Le président : L’incertitude m’a motivé à poser des questions aux fiscalistes. Oui, il y a incertitude. On nous l’a dit. Si l’on en juge par ce que nous avons entendu ce soir et la façon dont vous l’exprimez, il y a matière à inquiétude. Cependant, il nous faut produire un rapport à l’intention du Sénat du Canada, et nous le ferons.

D’après votre expérience sur le terrain et votre collaboration avec l’ARC, estimez-vous que les mesures auxquelles nous sommes confrontés maintenant puissent donner lieu à une augmentation de l’évitement fiscal de la part des entreprises ou que celles-ci puissent même envisager de sortir du pays ou penser à des paradis fiscaux?

Mme Gervais : Je peux parler des réactions que j’ai entendues de clients ces derniers mois: « Rachel, ils sont allés trop loin avec ces propositions et toute cette complexité. Parle-moi des stratégies qui me permettront de sortir mon entreprise du Canada et de mener des activités à l’étranger. »

Avec tous ces derniers changements, je peux vous dire que les contribuables sont assurément plus enclins à s’informer davantage au sujet de stratégies agressives qu’ils ne l’étaient il y a quelques années.

M. Weissman : Je n’entends pas de clients parler de fraude fiscale et je ne les écouterais pas. Je ne les écouterais pas parler du recours aux paradis fiscaux pour les mauvaises raisons. J’ai effectivement des clients qui sont disposés à faire preuve de plus d’agressivité dans leur planification. J’ai certainement des clients qui veulent partir. Quand ils quittent le Canada, il y a un impôt, mais les épargnes fiscales subséquentes compensent cela largement. J’ai des clients qui ont décidé d’agrandir leur entreprise à l’extérieur du Canada au lieu de le faire au Canada.

Mme Drever : Je suis d’accord. Nous avons eu plus de demandes de la part de personnes cherchant à savoir comment quitter le pays que nous n’en avions avant ces règles. L’impôt change le comportement.
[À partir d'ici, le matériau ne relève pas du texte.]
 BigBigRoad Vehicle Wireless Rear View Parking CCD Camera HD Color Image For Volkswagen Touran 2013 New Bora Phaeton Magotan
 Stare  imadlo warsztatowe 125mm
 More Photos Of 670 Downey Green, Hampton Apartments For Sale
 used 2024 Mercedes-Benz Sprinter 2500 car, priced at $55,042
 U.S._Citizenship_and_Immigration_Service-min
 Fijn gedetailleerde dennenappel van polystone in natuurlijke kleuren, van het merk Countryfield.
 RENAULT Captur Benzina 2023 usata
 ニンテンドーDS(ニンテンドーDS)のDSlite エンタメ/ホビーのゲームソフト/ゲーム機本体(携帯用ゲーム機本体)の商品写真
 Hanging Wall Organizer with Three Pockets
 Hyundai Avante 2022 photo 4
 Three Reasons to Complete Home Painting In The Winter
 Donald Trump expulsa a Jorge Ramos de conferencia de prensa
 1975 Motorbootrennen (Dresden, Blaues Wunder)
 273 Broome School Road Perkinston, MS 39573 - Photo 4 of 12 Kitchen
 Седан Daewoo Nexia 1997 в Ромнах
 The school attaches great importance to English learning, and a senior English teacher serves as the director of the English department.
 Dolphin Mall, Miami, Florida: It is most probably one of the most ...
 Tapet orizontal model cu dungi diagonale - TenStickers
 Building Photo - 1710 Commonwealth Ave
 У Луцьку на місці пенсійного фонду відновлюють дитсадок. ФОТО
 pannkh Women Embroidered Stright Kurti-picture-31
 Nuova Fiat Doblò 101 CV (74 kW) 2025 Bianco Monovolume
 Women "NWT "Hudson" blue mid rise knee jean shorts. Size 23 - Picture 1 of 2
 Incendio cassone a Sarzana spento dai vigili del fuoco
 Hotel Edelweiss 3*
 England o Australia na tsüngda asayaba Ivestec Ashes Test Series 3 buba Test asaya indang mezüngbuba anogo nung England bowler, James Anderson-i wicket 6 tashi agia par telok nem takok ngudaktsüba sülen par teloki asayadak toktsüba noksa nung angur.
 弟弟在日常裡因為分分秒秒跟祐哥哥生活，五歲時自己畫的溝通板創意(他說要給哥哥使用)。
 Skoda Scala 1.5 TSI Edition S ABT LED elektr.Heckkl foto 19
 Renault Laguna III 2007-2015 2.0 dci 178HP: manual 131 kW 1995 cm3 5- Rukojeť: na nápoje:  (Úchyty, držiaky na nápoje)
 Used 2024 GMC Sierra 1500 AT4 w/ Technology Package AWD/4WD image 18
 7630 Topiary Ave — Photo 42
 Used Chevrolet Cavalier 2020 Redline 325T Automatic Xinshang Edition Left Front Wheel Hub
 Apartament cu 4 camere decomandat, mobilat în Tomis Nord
Quand les taux d’imposition atteignent un niveau où les gens se sentent crouler sous le fardeau, leur comportement change.

Je suis d’accord avec M. Weissman. Je ne veux pas entendre parler de stratégies de fraude fiscale, mais les gens les recherchent.

Le président : Aux trois témoins, merci de votre professionnalisme et de vos observations.